# CDrom won't auto-mount [SOLVED]

## crackbaby58

I'm running gnome.

I have hald, dbus running

User is in appropriate groups:

```

$ groups

wheel floppy audio cdrom video usb users cron plugdev games

```

CDs won't mount when I insert them.

Manually mounting them produced an error:

```

mount: block device /dev/hdc is write-protected, mounting read-only

mount: /dev/hdc already mounted or /media/cdrecorder/ busy

```

On someone's advise I emerged ivman and pmount.

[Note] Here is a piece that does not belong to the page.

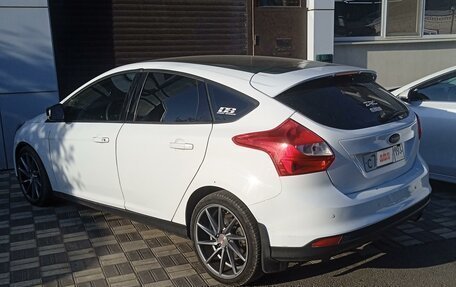 Ford Focus III, 2012 год, 700 000 рублей, 2 фотография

No automount, clicking CD-RW drive under Nautilus gave an error:

```

Warning: device /dev/hdc is already handled by /etc/fstab, supplied label is ignored

mount: block device /dev/hdc is write-protected, mounting read-only

mount: /dev/hdc already mounted or /media/cdrecorder busy

Error: could not execute pmount

```

So I commented reference to cdrom from fstab

No automount. Clicking CD-RW drive again produced different error:

```

mount: unknown filesystem type 'jfs'

Error: could not delete mount point: No such file or directory

Error: could not execute pmount

```

I tried manual pmount with user.

```

$ pmount /dev/hdc

mount: unknown filesystem type 'jfs'

```

```

$ pmount -t iso9660 /dev/hdc

mount: block device /dev/hdc is write-protected, mounting read-only

mount: /dev/hdc already mounted or /media/hdc busy

```

Does this mean anything to anyone? I'm stumped.Last edited by crackbaby58 on Sat May 20, 2006 9:06 pm; edited 1 time in total

----------

## mirojira

What is in your /etc/fstab ?

----------

## crackbaby58

Thanks for the reply.

```

cat /etc/fstab

/dev/hda1               /boot           ext2            defaults,rw,noatime             1 1

/dev/hda3               /               ext3            noatime,user_xattr              0 0

/dev/hda2               none            swap            sw                      0 0

/dev/hda5               /home           ext3            noatime,user_xattr      0 0

#/dev/cdroms/cdrom0     /mnt/cdrom      auto            auto,ro,user            0 0

/dev/fd0                /mnt/floppy     auto            noauto                  0 0

/dev/hdb1               /mnt/bigboy     ext3            auto,noatime,user,exec,user_xattr  0 0

/dev/sda2               /mnt/ipod       vfat            sync,nodev,noauto,user,uid=1000,gid=100      0 0

none                    /proc           proc            defaults                0 0

#/dev/hdc                /media/cdrecorder       auto    user,exec,noauto,managed 0 0

#/dev/cdrom /media/cdrecorder auto noauto,user 0 0

```

----------

## mirojira

This should make automount for you

```
/dev/cdroms/cdrom0             /mnt/cdrom     iso9660     users,noauto         0 0
```

----------

## crackbaby58

Same problem(s).

Additionally, when attempting to manually mount I get

```

# mount /media/cdrecorder/

mount: special device /dev/cdroms/cdrom0 does not exist

```

----------

## mirojira

I think that you should take a look in your /dev directory. If /dev/cdroms/cdrom0 does not exists you musn't use it in fstab.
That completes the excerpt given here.